A lightweight alternative implementation to kcptun

What's this?

kcptun-libev is a TCP port forwarder which converts the actual transferring protocol into a UDP based one, called KCP. KCP is more configurable and usually has a much better performance in a lossy network. This project can help you to get better bandwidth in such situation.

For example, wrap your server to use KCP instead of TCP:

client -> kcptun-libev client -> lossy network(KCP) -> kcptun-libev server -> server

Or typically, the people who using a lossy network may setup kcptun-libev with a proxy server. To get the internet access speeded up.

network access -> proxy client -> kcptun-libev client -> lossy network(KCP) -> kcptun-libev server -> proxy server -> stable network

Read more about KCP

Features

  • Secure: For proper integration of the cryptography methods.
  • Fast: No muxer, one TCP connection to one KCP connection with 0 RTT connection open.
  • Proper: KCP will be updated on demand, no unnecessary lag introduced.
  • Simple: Without FEC craps.
  • Morden: Full IPv6 support.
  • Dynamic IP aware: Dynamic IP address and UDP hole punching are supported.
  • Configurable: Encryption can be completely disabled or even excluded from build
  • Compatible: Compliant with ISO C standard.

There is a previous implementation of kcptun which is written in Go.

Compared to that, kcptun-libev should be much more lightweight. The main executable is around 100KiB on most platforms* and it also have a much lower cpu/mem usage.

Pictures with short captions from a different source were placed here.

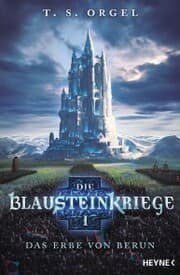 Cover von Die Blausteinkriege 1 - Das Erbe von Berun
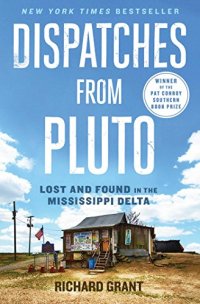 cover of the book Dispatches from Pluto: Lost and Found in the Mississippi Delta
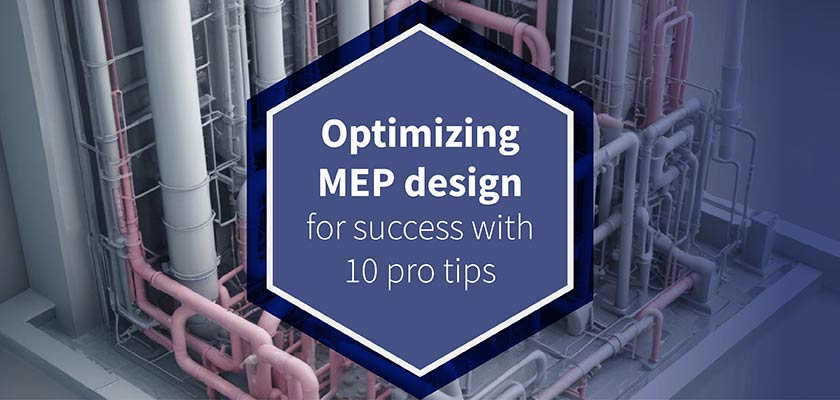 BIM in MEP Engineering: 10 Essential Best Practices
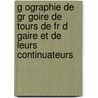 G Ographie de Gr Goire de Tours de Fr D Gaire Et de Leurs Continuateurs by Alfred Jacobs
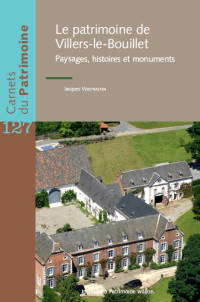 Carnets du Patrimoine n° 127. Le patrimoine de Villers-le-Bouillet. Paysages, histoires et monuments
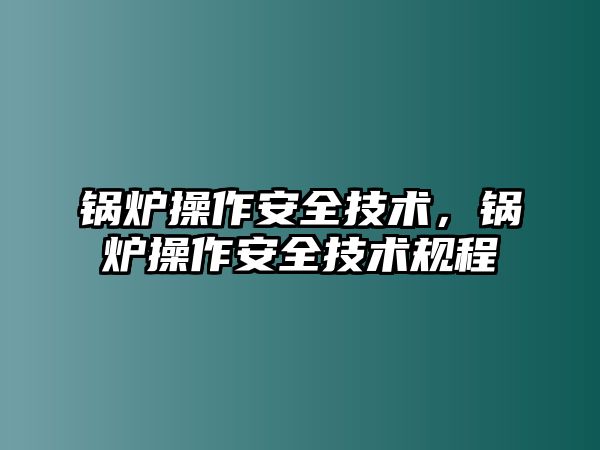 鍋爐操作安全技術(shù)，鍋爐操作安全技術(shù)規(guī)程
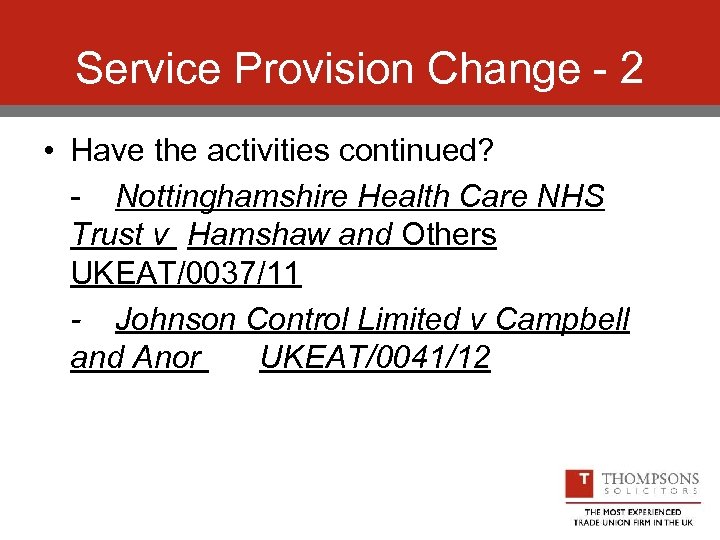 Service Provision Change - 2 • Have the activities continued? - Nottinghamshire Health Care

* Some required libraries are dynamically linked, see runtime dependencies below.

Security

kcptun-libev can optionally encrypt KCP packets with a password/preshared key. With encryption enabled, the integrity and privacy is guaranteed. It uses the libsodium implementation of chacha20poly1305-ietf, which is an AEAD method.

If the encryption is not enabled or not even compiled, no packet overhead is consumed.

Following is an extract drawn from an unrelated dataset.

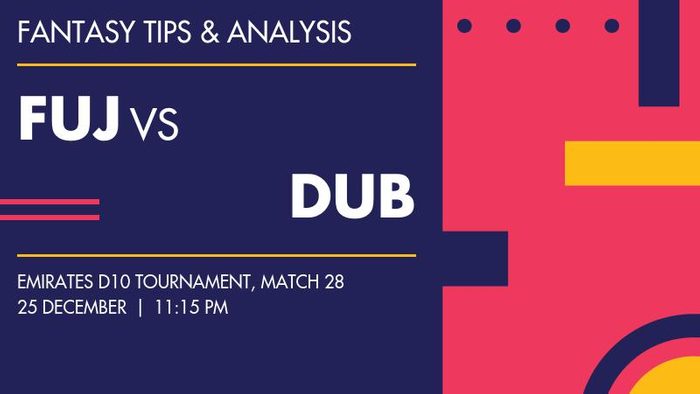 FUJ vs DUB (Fujairah vs Dubai), Match 28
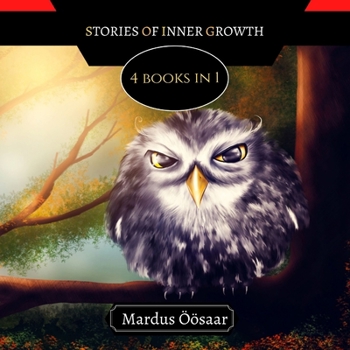 Paperback Stories of Inner Growth: 4 Books In 1 Book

In practice, I strongly suggest user to use "--genpsk" command-line argument to generate a strong random preshared key instead of using a simple password.

Compatibility

System

Theoretically all systems that support ISO C11.

Name Level Notes
Ubuntu developed
OpenWRT tested
Unix-like theoretical supported
Cygwin/MinGW theoretical supported

Protocol

kcptun-libev do NOT provide compatibility to any other KCP implements.

The major version number is the protocol version. Different protocol versions are not compatible.

Build

Dependencies

Name Kind Related Feature
libev required
libsodium optional Connection encrypting
# Debian & Ubuntu
sudo apt install -y libev-dev libsodium-dev

Build on UNIX-like systems

mkdir build && cd build
cmake -DCMAKE_BUILD_TYPE="Release" ..
make -j$(nproc --all)

See m.sh for more information about cross compiling support.

Runtime

Dependencies

# Debian & Ubuntu
sudo apt install -y libev4 libsodium23
# OpenWRT
opkg install libev libsodium

Usage

Create a config file and pass the file name. Just like:

./kcptun-libev -c server.json

See server.json/peer.json in the source repo for your reference.

Let's explain some fields in server.json/peer.json:

  • The client side "listen" TCP ports and send data to "udp_connect".
  • The server side receive data from "udp_bind" and forward the connections to "connect".
  • Set a password is strongly suggested when using in public networks.